L'uomo moderno crede di perdere "il tempo" quando non fa le cose in fretta;
eppure non sa che cosa fare del tempo che guadagna, tranne che ammazzarlo.
Erich Fromm
Galleria Spazio Arte Petrecca a cura di Carmen D’Antonino e Gennaro Petrecca
vernissage Sabato 4 Marzo 2023 ore 18.00
Corso Maroncelli 180 Isernia – Molise – info@artepetrecca.com
NOTA CRITICA CARMEN D’ANTONINO E GENNARO PETRECCA: Citando il sagace Leo Longanesi “l’arte è un appello al quale in troppi rispondono senza essere stati chiamati” si rafforza in me il convincimento che Vittorio Iavazzo sia uno di quegli artisti che non hanno avuto necessità di un appello, di un richiamo all’arte.
Lui di essa si nutre forse per un richiamo ancestrale, innato in senso platonico, la sua arte è la proiezione della sua anima e del suo modo di concepire l’esistenza.
L’Accademia che lo ha formato, quella napoletana, è permeata di classicismo, dialoga anche geograficamente con uno dei più importanti musei archeologici del mondo ed è questo l’humus in cui il giovane artista affonda le sue radici.
Entrare nel suo studio è stata per chi scrive una esperienza sensoriale, di immersione nell’armonia mundi, ho condiviso con lui il gemito delle sue sculture, la velocità del suo tratto pittorico nei bozzetti preparatori, la silente presenza delle sue creature plastiche.

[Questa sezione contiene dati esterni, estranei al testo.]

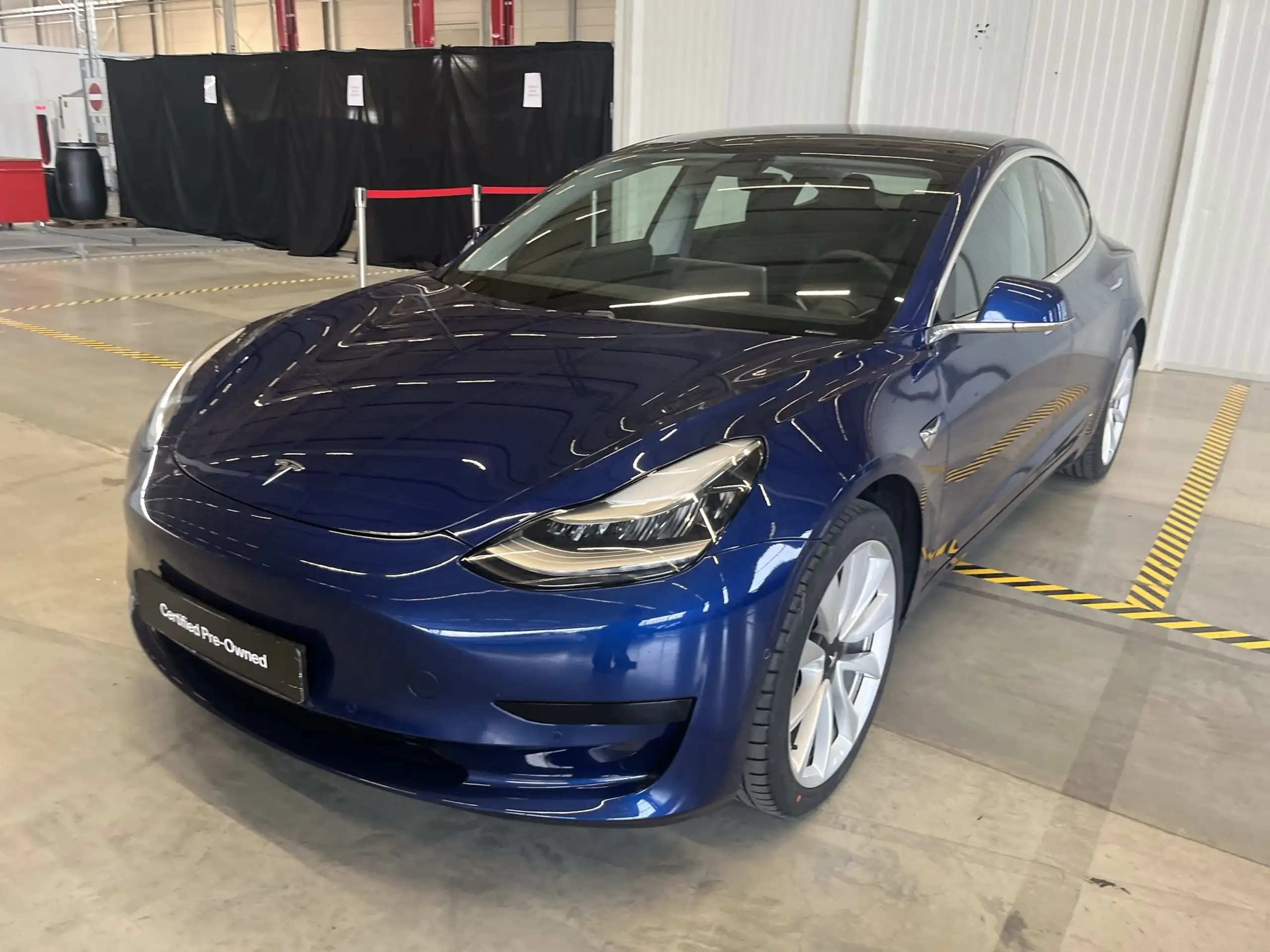 Tesla - Model 3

Coniugare classicismo e modernità è una sperimentazione nella quale si avventurano in tanti ma pochi riescono, in quanto presuppone non solo un approfondito studio dei classici, da Michelangelo a Bernini, ma impone una capacità di contaminazione profonda affinché il risultato sia artisticamente
degno di rilievo.
Il dinamismo delle forme scultoree di Iavazzo, magistralmente interpretato ed arricchito dall’uso di materiali che ne esaltano il plasticismo, le rendono immediatamente riconoscibili nel loro equilibrio tra la gioiosità circense, direi felliniana e la tragicità tipica delle maschere del teatro greco.

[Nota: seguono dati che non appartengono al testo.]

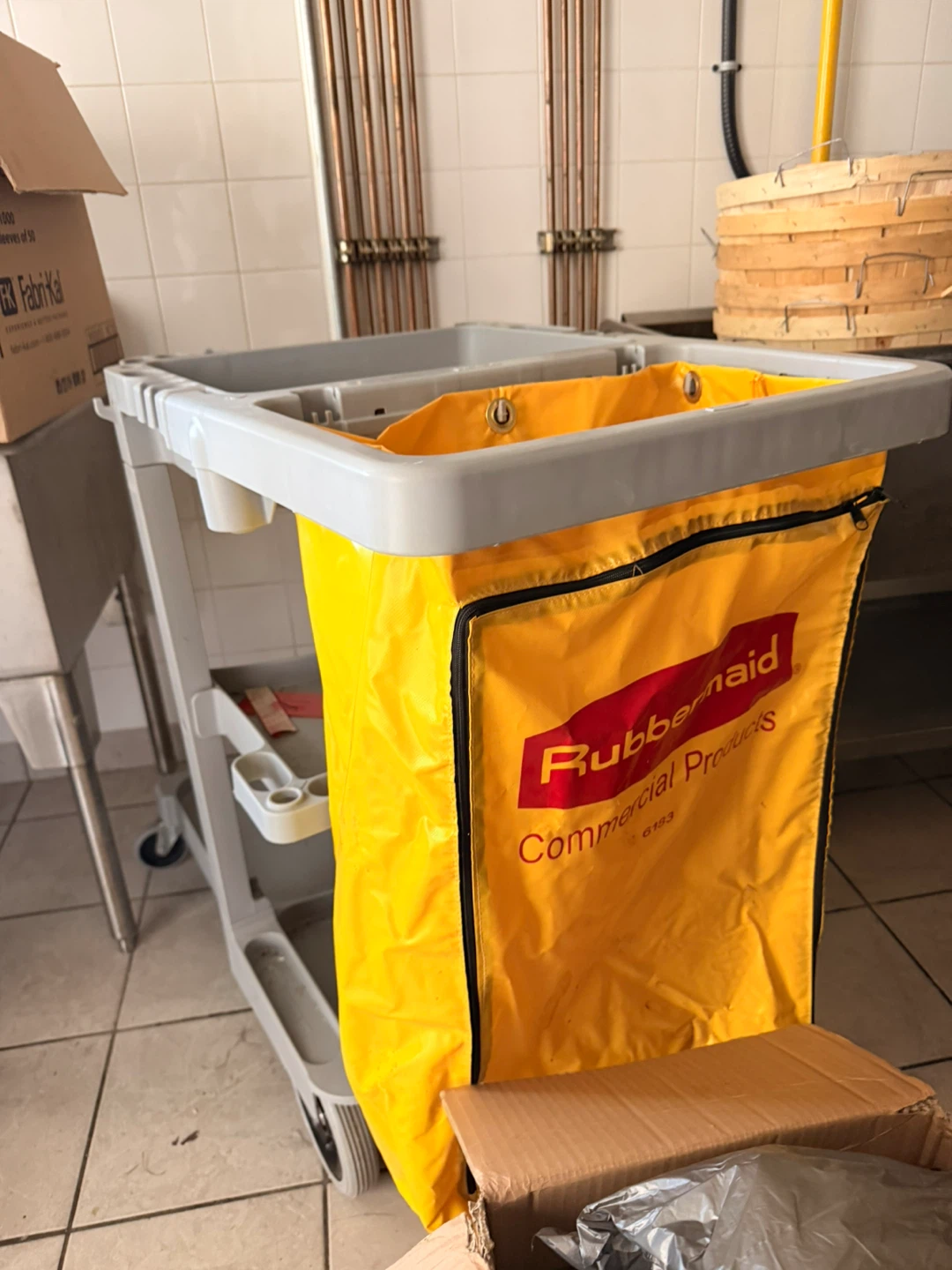Rubbermaid Commercial Products Cleaning Cart - photo 2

I dipinti e le sculture paiono animate nella loro stasi come reperti di Ercolano fissati in un tempo sospeso.
É l’afflato della vita che anima la materia, la sua produzione alchemica di corpi in sospensione, di forme avviluppate in equilibri improbabili ci parla della sua personalità sensibile, che rifugge il compiacimento, consapevole del suo valore intrinseco, lasciando che il suo tocco divino parli per lui.
Dalle sue mani, infatti, sgorga la vita.